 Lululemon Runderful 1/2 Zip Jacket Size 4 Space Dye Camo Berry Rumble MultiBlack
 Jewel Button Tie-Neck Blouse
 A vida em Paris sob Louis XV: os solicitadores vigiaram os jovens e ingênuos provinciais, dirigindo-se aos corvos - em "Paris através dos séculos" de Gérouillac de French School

* * *

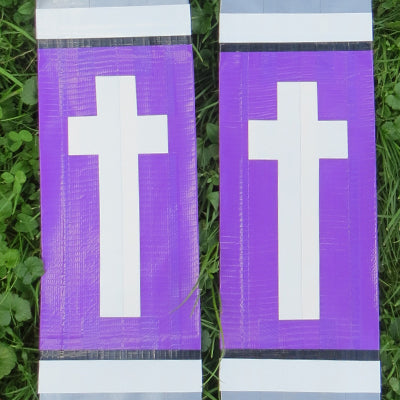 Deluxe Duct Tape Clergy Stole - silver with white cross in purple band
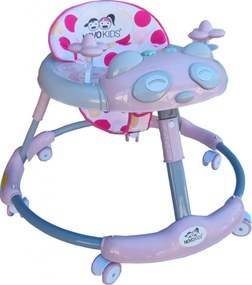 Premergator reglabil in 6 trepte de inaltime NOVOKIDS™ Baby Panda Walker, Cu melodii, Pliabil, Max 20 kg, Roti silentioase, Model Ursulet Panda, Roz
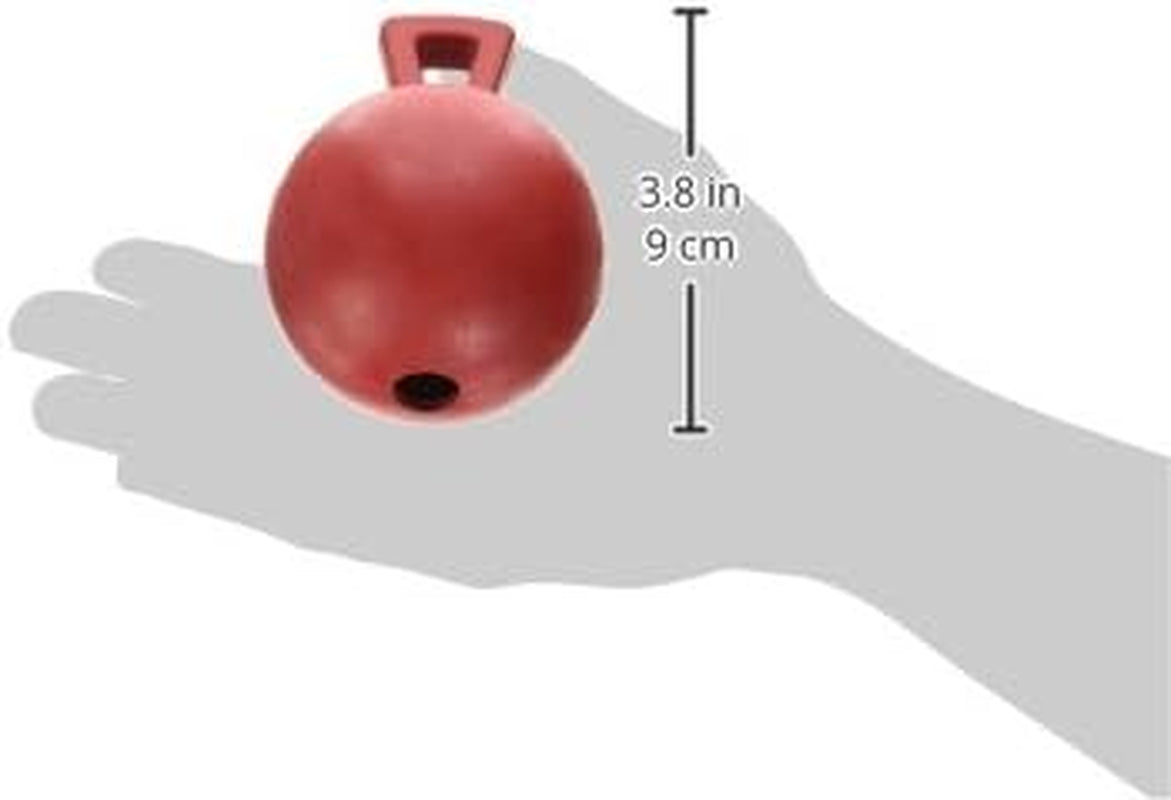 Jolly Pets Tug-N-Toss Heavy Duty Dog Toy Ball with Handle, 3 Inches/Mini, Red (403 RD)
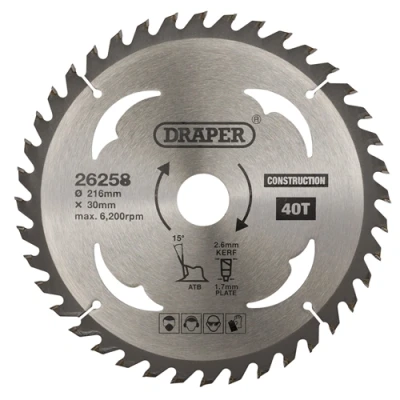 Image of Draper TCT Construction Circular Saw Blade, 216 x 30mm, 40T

### Work instruction
Look above for the line with "Premergator reglabil in"; quote it and every line after it, stopping after the line with "Image of Draper", exactly, with nothing added and without pictures.

### Output of the exercise
 Premergator reglabil in 6 trepte de inaltime NOVOKIDS™ Baby Panda Walker, Cu melodii, Pliabil, Max 20 kg, Roti silentioase, Model Ursulet Panda, Roz
 Jolly Pets Tug-N-Toss Heavy Duty Dog Toy Ball with Handle, 3 Inches/Mini, Red (403 RD)
 Image of Draper TCT Construction Circular Saw Blade, 216 x 30mm, 40T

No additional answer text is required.